▶ **TRY IT**
Beginning at the line that contains "8434 Oakdale Avenue, Winnetka, CA 91306", reproduce the entries below exactly, ending with the line that contains "Buy Used Peugeot". Omit each picture.

** Opening INPUT FOR THIS TASK block **

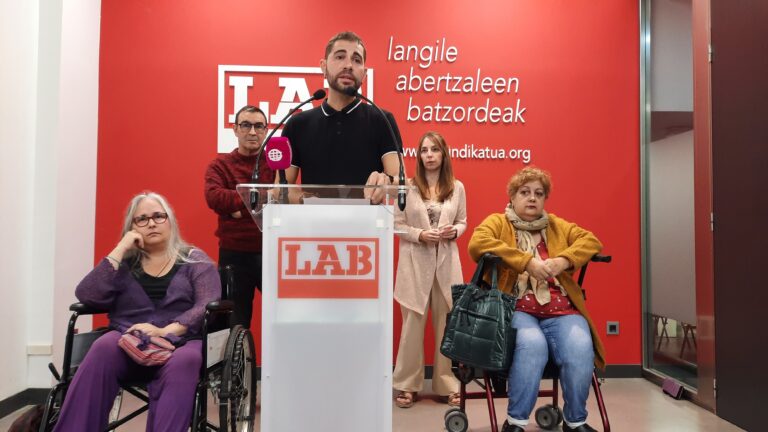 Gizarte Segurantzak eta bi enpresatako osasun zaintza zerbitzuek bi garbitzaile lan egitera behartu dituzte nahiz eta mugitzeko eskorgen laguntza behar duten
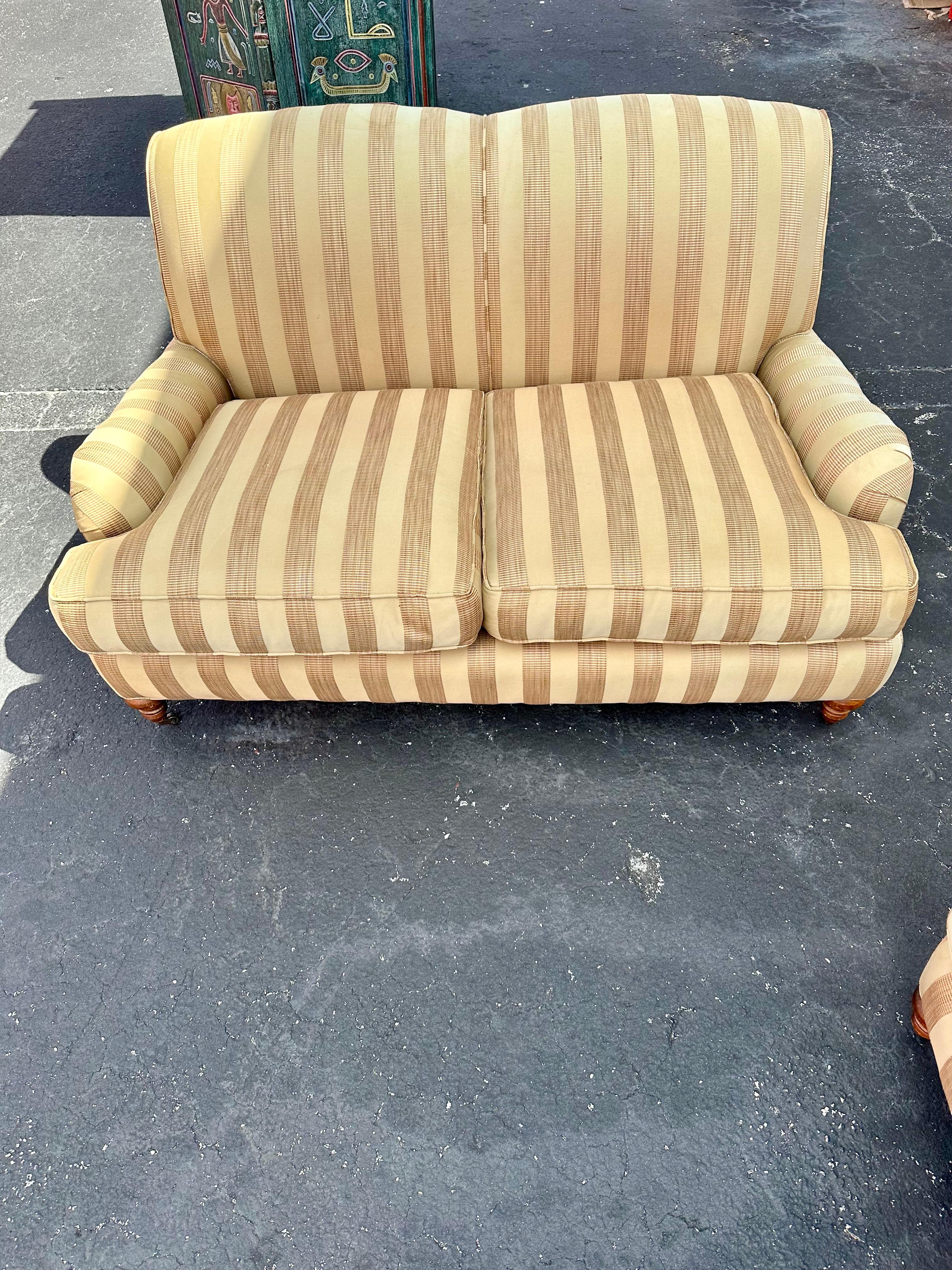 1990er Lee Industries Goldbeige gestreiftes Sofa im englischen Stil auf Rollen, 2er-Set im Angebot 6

** Closing INPUT FOR THIS TASK block **
** Opening INPUT FOR THIS TASK block **

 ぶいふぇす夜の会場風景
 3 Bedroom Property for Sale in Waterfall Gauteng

** Closing INPUT FOR THIS TASK block **
** Opening INPUT FOR THIS TASK block **

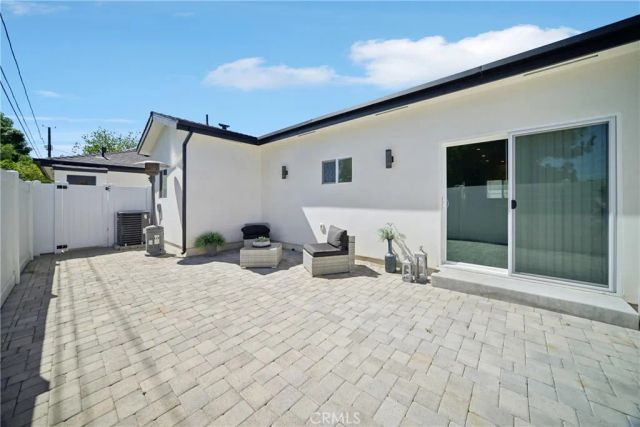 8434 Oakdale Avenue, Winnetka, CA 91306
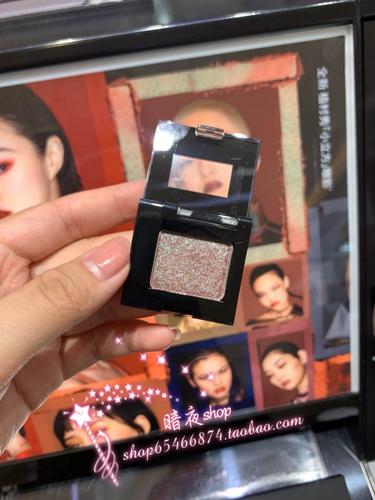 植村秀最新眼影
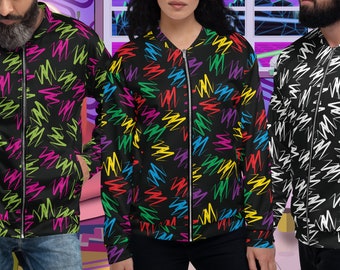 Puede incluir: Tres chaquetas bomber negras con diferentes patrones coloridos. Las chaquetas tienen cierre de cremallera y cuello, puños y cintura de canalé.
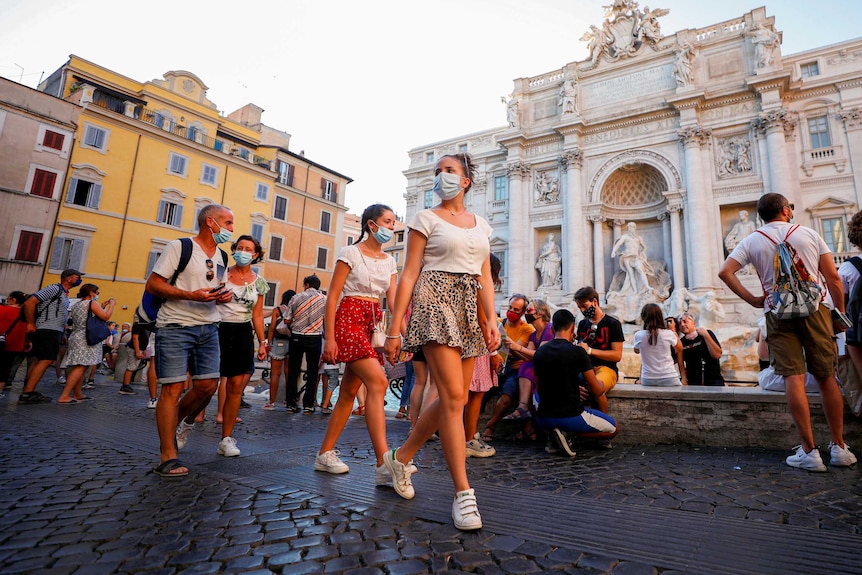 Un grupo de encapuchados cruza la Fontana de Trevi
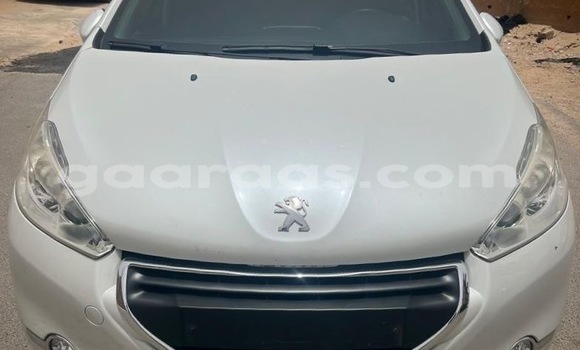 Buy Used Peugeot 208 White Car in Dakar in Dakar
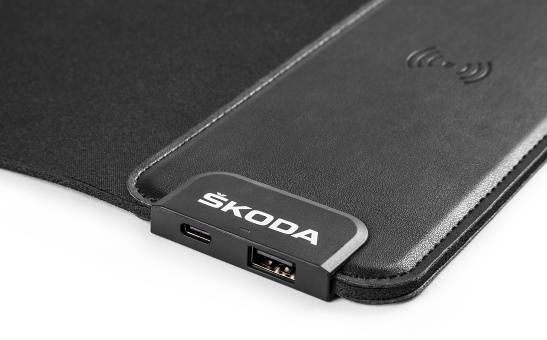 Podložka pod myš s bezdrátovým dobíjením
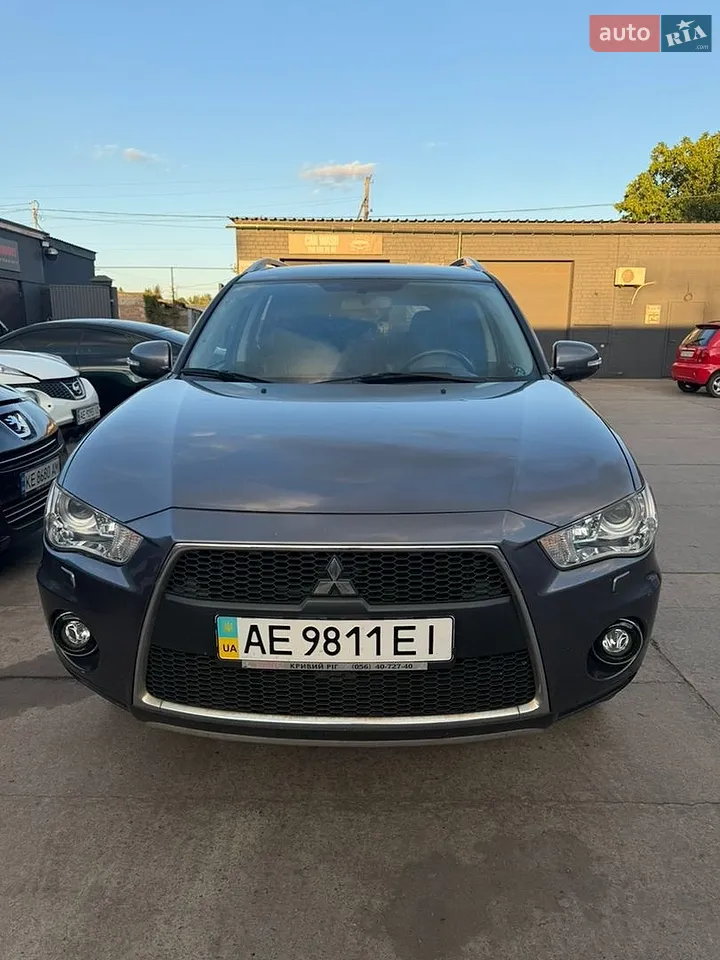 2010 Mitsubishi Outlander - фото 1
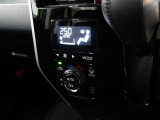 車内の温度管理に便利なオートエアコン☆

** Closing INPUT FOR THIS TASK block **

▶ **WRITTEN RESPONSE**
 8434 Oakdale Avenue, Winnetka, CA 91306
 植村秀最新眼影
 Puede incluir: Tres chaquetas bomber negras con diferentes patrones coloridos. Las chaquetas tienen cierre de cremallera y cuello, puños y cintura de canalé.
 Un grupo de encapuchados cruza la Fontana de Trevi
 Buy Used Peugeot 208 White Car in Dakar in Dakar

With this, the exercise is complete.